Nuri Bilge Ceylan est toujours aussi lent et long et imprime la rétine par son jeu de caméra, de ses ambiances contemplatives et méditatives. Autant réalisateur que scénariste mais aussi directeur d'acteurs, ce sera également ses parents dans leurs rôles respectifs et peut-être par son couple à la ville et en collaboration ici, avec Ebru Ceylan où tout deux se prêtent au désamour, conjurer ce que pourrait leur réserver l'avenir.
Avec Les climats, métaphore d'une relation sur le déclin, c'est aussi son pays qu'il met à l'honneur. On profite d'une escapade ensoleillée à Kaş et ses ruines photogéniques, comme celui d'un panorama grandiose, dans l'est de la Turquie, où les détails sont magnifiés, comme une succession de tableaux où les prises de vues instantanées sont mélancoliques, rappelant en passant à la beauté désertique des montagnes Afghanes.

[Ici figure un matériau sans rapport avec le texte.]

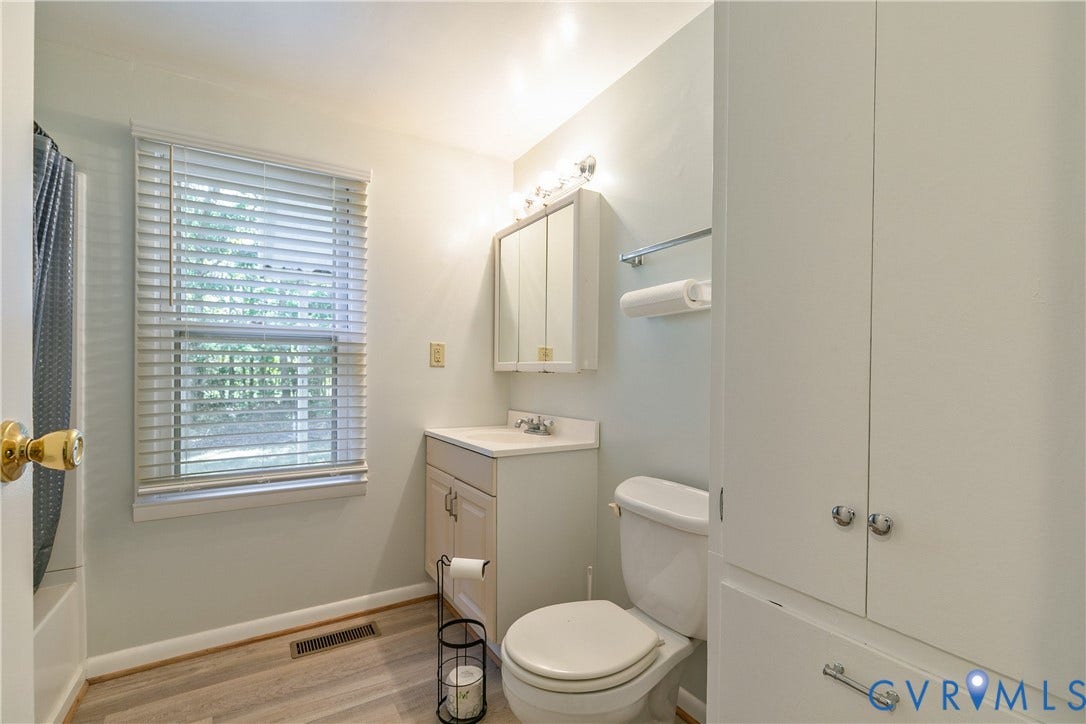20311 McKenney Highway, Dinwiddie, VA 23882 Bathroom featuring wood-finish flooring, a white vanity with integrated sink, a mirrored medicine cabinet, a full-height built-in storage cabinet, and a window with horizontal blinds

Pour rendre l'éloignement des personnages ce sera l'été et l'annonce de la rupture vue par Bahar (Ebru Ceylan) et les conséquences à venir vues par Isa (Nuri Bilge Ceylan) dans la pluie automnale pour clore le chapitre à la rigueur de l'hiver.
Avare de paroles, n'hésitant pas aux gros plans presque agressifs, les regards en exergue permettent à Ebru Ceylan de révéler tout un panel d'émotions. Ce sera le coup de cœur pour un jeu tout en finesse au visage expressif et en économie, à la lassitude contenue -qui évoque subtilement, par le silence, la place des femmes- et à la tendresse refoulée face au mur en béton qu'est Isa. De cet été de tous les possibles et d'un week-end entre mer et faux semblants, c'est l'évitement, et le rapprochement brutal du couple par une ellipse les plaçant comme par magie, face contre face, renforce la violence des échanges, polis. Les intérieurs ternes et sombres face aux extérieurs lumineux et ouverts rendent compte d'une liberté définitivement inaccessible, marquant d'autant plus par la proximité du couple, le fossé grandissant qui les sépare.
L'homme navigue, absent de lui-même, soumis à ses pulsions si peu constructives qu'elles ne lui permettent plus de travailler mais de survivre au milieu du vide et tentera la reconstruction quand la solitude deviendra insupportable. Son cheminement s'accorde parfaitement avec celle du cinéaste. Comme dans son film Il était une fois en Anatolie, l'ensemble s'imbrique au fil du récit et joue de l'attente, du suspense et des failles de ses personnages. Les sons sont à l'honneur et viennent encore jouer de l'interférence, contrebalancés par l'absence du verbe.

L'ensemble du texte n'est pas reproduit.